Wednesday, July 20, 2011

(VIDEO: GIAVASIS ON COLLABORATION BACKGROUND) STARK CO. LOCAL GOV'T HISTORY IN THE MAKING: PLAIN TWP TRUSTEES & PLAIN BD OF EDUCATION MEET IN WORK SESSION TO COLLABORATE ON LOCAL GOVERNMENT SERVICES. CANTON SETS A NEGATIVE EXAMPLE UNDER HEALY.


UPDATED AT 10:30 AM

One of a number of negatives on Stark County is the amount of rampant turfism that plagues the county.

Mayor William J. Healy, II of the Canton is the personification of turf wars going on in our county.  The SCPR ascribes to him and his Safety Director Tom Ream the notoriety of being responsible for bringing the development of an effective and efficient countywide 9-1-1 to a de facto halt or at the very least to a "snail's pace" by their insistence that Canton be the "political" dominatrix of Stark County in an attempt to hold the rest of us in Canton's control and dominance.

And Canton under Healy has larger ambitions to make Canton synonymous with the geographical confines of Stark County.  Building departments, health departments and information technology departments - you name them - if there is to be any countywide convergence of these operations into a citizen serving lean and mean operation and Canton is to be included, Mayor Healy will not allow it unless Canton comes out on top.

However, lame duck Councilman Bill Smuckler does deserve to be excluded from inclusion in the Healy-esque led drive to dominance.  For years, he has been a leading Stark County light for promotion cooperation and collaboration between the city and the rest of Stark County.  Unfortunately, he is one of the few Canton government types who sees the light.

While Canton is the worst of Stark County local governments in terms of working for the betterment of the whole of Stark County, Plain Township has to be the very best.


Last evening the Plain Township Board of Trustees and Plain Township Board of Education broke new ground in Stark County in agreeing to a series of meetings to work on common ground matters in the name of serving all of Plain Township better, to wit:
  • developing the GlenOak High School campus into a community center,
  • shoring up pedestrian and traffic safety in the vicinity of the campus,
  • working on ways and means to provide sustained funding of a police  resource officer dedicated to rendering policing services to students in the context of their life in school,
  • enhancement of the Plain Township park system by developing a collaboration between the talent rich school population and managers of the parks to put on community events using Plain Township home grown entertainers, and
  • collaborating to develop communication media (e.g.
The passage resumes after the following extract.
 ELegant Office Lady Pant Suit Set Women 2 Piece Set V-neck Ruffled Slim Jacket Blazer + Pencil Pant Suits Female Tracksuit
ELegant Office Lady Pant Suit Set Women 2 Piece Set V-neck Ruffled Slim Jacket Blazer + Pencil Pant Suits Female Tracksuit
Time Warner's Channel 11 and AT&T's community channels) as a joint effort of the schools and the trustees to bring school and township government into the homes of Plain Township residents.
Perhaps the most important decision of the night was the surfacing of a commitment (on the part of both boards) to develop a schedule of quarterly meetings as a follow-up to the discussions initiated last night and the joint work session.  The SCPR has seen many collaborative efforts fall through in Stark County because the ball got drop for lack of a formal structure (i.e. set meetings) to keep the matter(s) on track.

The Stark County Political Report sees the collaboration between Plain's trustees and school board members as having countywide perhaps even statewide significance in terms of creating an actual working model of how local governments can structure and formalize their local government efficiency and effectiveness efforts.